Алиса возвращалась домой от подруги поздно вечером, в полупустом автобусе выбрала лучшее место и села.

«И чего я так прицепилась к четвертому апреля? – принялась размышлять молодая женщина. – Только потому, что читаю бестолково, люблю апрель и цифру четыре... Чмарт – конечно, звучит отвратительно. Чфевраль – забавно. Чмай – жуть, как далеко. А чапр – здорово. Вот наступит четвертое апреля и у меня всё-всё-всё наладится. Само – собой. Даже если такого не бывает, у меня – будет. Пусть не четвертого, ладно.
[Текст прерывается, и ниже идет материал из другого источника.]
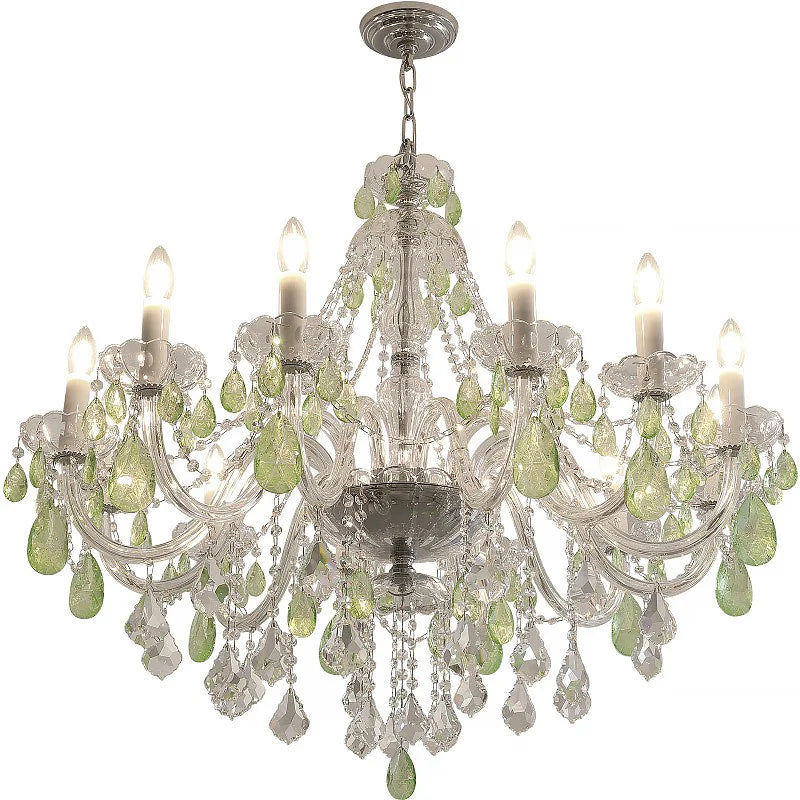 European Green Crystal LED Chandelier Indoor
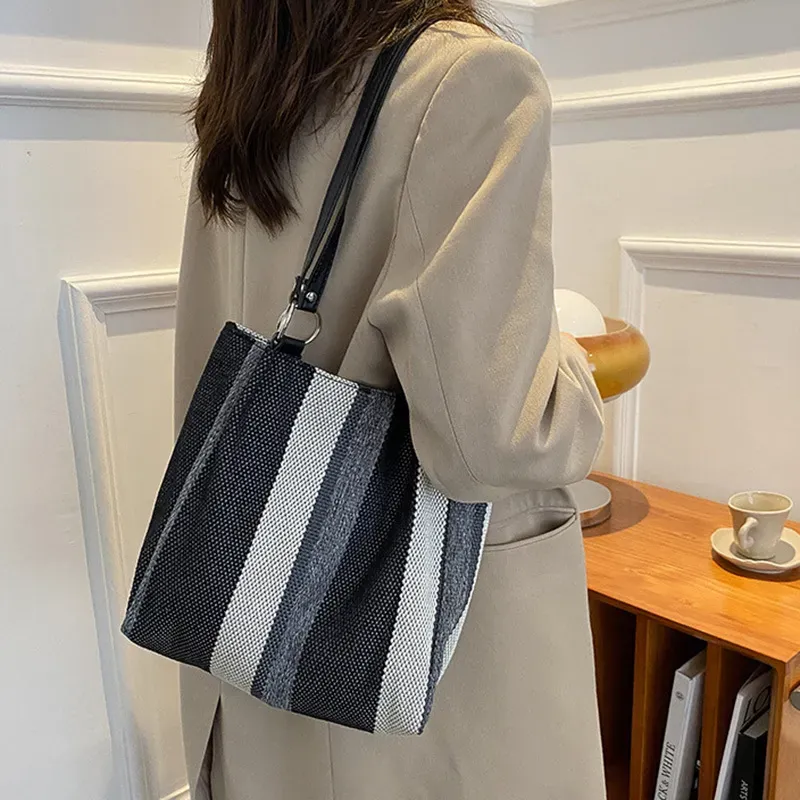 Women Fashion Color Blocking Shoulder Tote Bag - Image 13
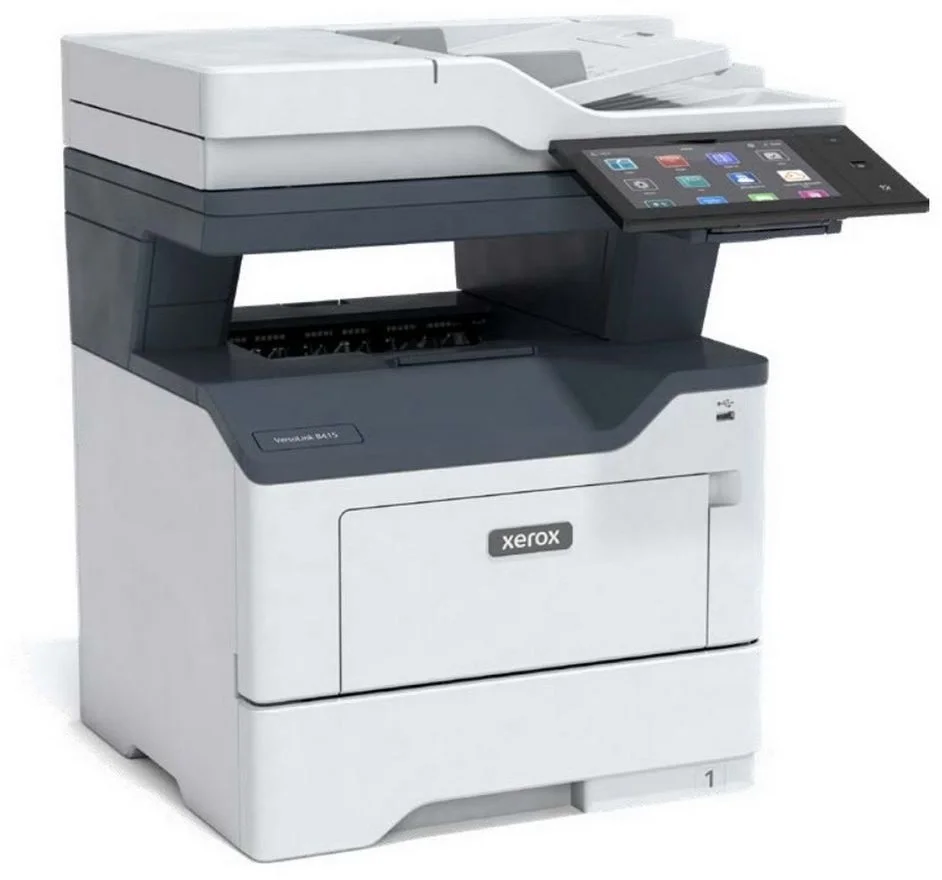 B415V_DN - Монохромное МФУ, Xerox, VersaLink B415DN, B415V_DN, Лазерное, А4, 47 стр./мин., Подача 650 листов, Двусторонний автоподатчик документов, до 98 изобр./мин., Сенсорный дисплей 7", 1.2 ГГц CPU, 2 ГБ RAM, 32 ГБ eMMC, USB 2.0, Ethernet 10/100/1000, NFC, Fax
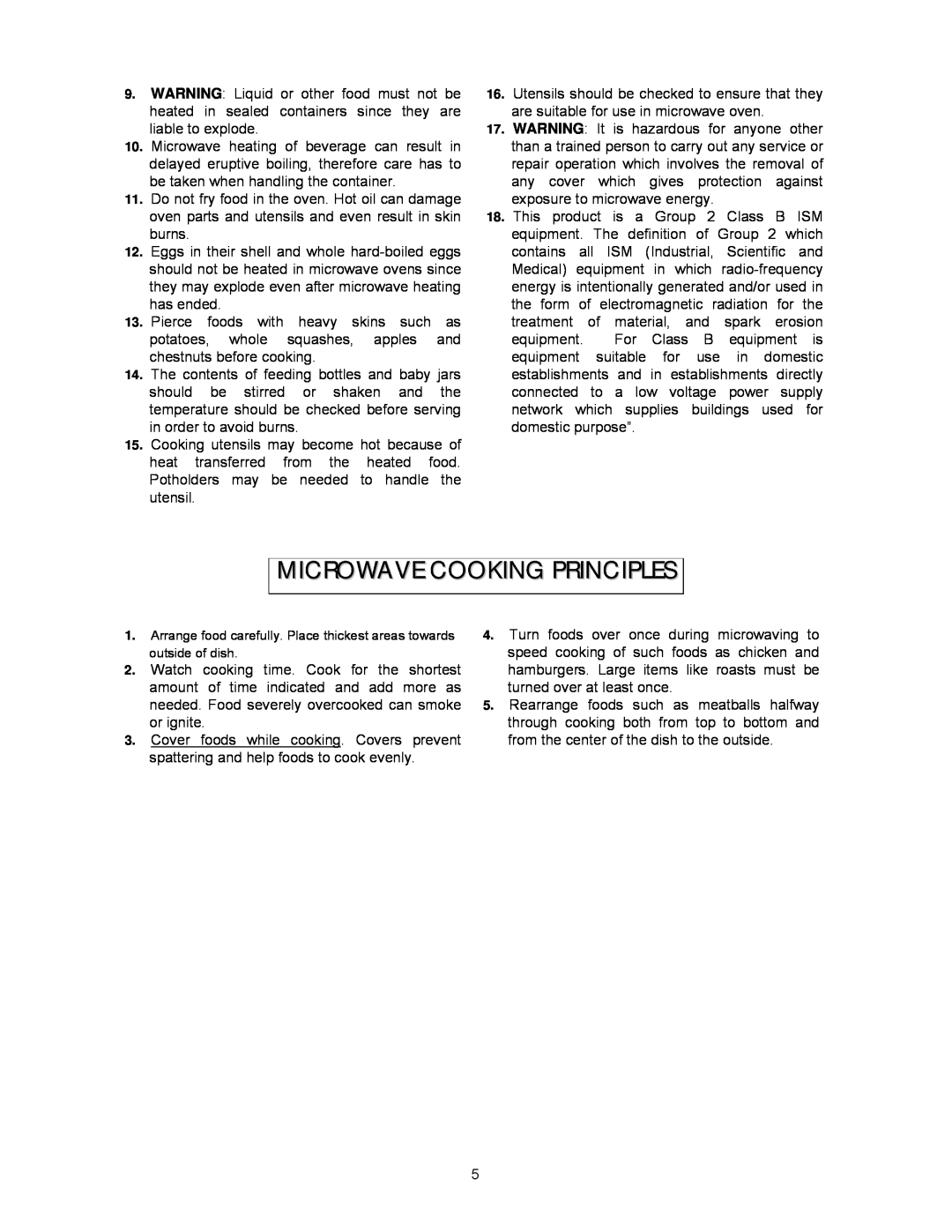 Magnasonic MMW6103-3 instruction manual Microwave Cooking Principles 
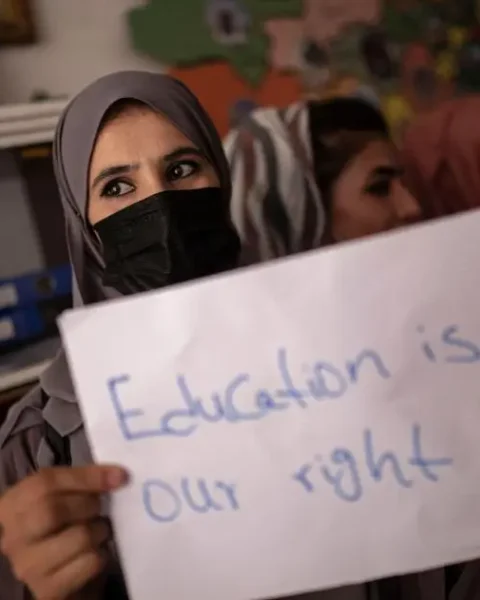 Taliban rule girl education ban protest in Afghanistan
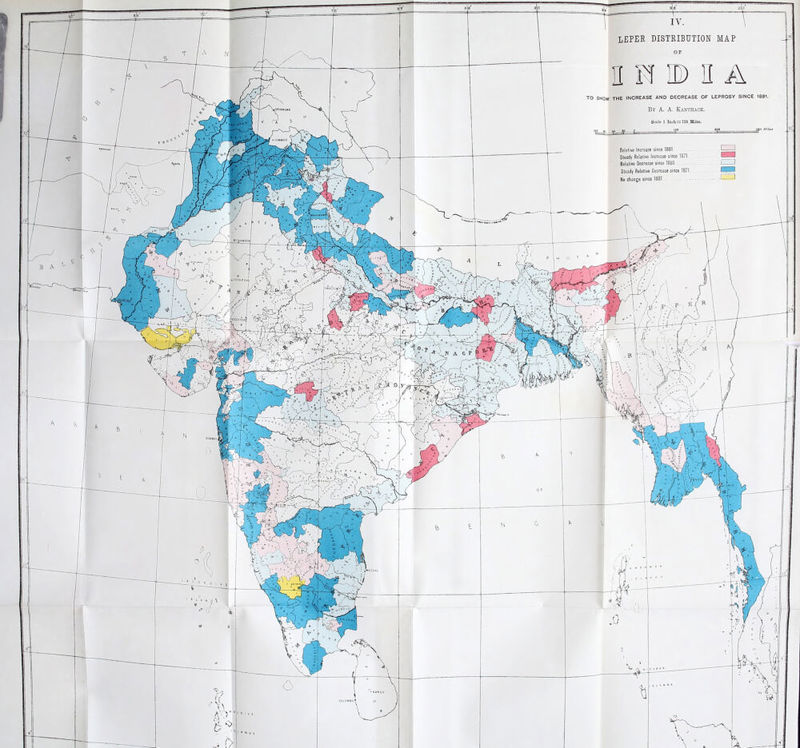 leper distribution map to SHOW THE INCREASE AND DECREASE OF LEPROSY SINCE 1881. By A. A. Kanthack. [SRINAGAR Scale 1 Inch = 128 Miles. oJUMMOO Relative Increase since 1881 Steady Relative Increase since 1871 Relative Decrease since 1881 Steady Relative Decrease since 1871. No change since 1881 »*•>**>[ B'CNaneer JEYPORE oJODHPORE ^SHIUCmG- (OOCEYPOR UlMinshpi;, ICALCUfTA Bombay | :«abaiv^. ft,,, m>» /MADRAS a n j on. KANDY COLOMBO'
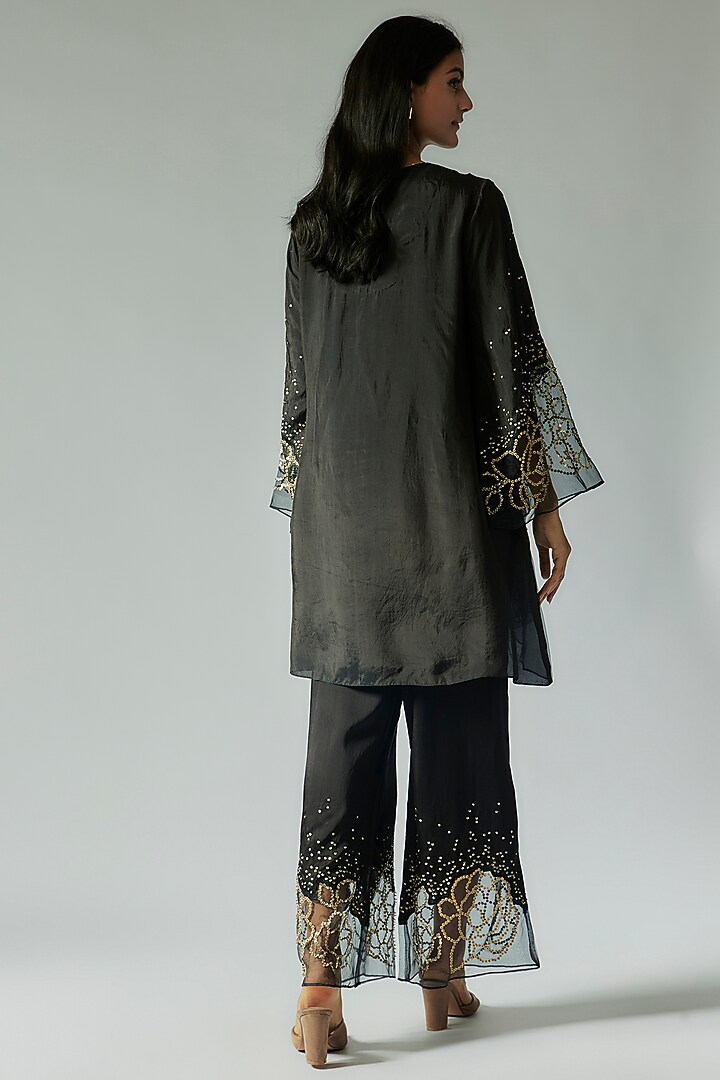 Black Viscose Silk Floral Embroidered Kurta Set by One not two at Pernia's Pop Up Shop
Пусть четырнадцатого... Но всё – наладится!»

Несколько минут Алиса не думала вообще ни о чём.

– Если бы он в том апреле догадался подарить мне цветы, – озарило Алису, – я бы сейчас о гробе с ромашками не мечтала. Это – точно...

Новенький автобус проскочил мост так легко и быстро, что Алиса его не заметила.

– Нечего ждать! – решила она, готовясь выходить на 
своей остановке. – Чапр придется устроить самой. Всё равно я толком не знаю, что это такое... Так что любой праздник сгодится. Что бы такое выдумать?

Но в конце концов она всё-таки решила сначала обследоваться как следует и выяснить, почему ей так нездоровится. И погрустнела. До чапра – далеко.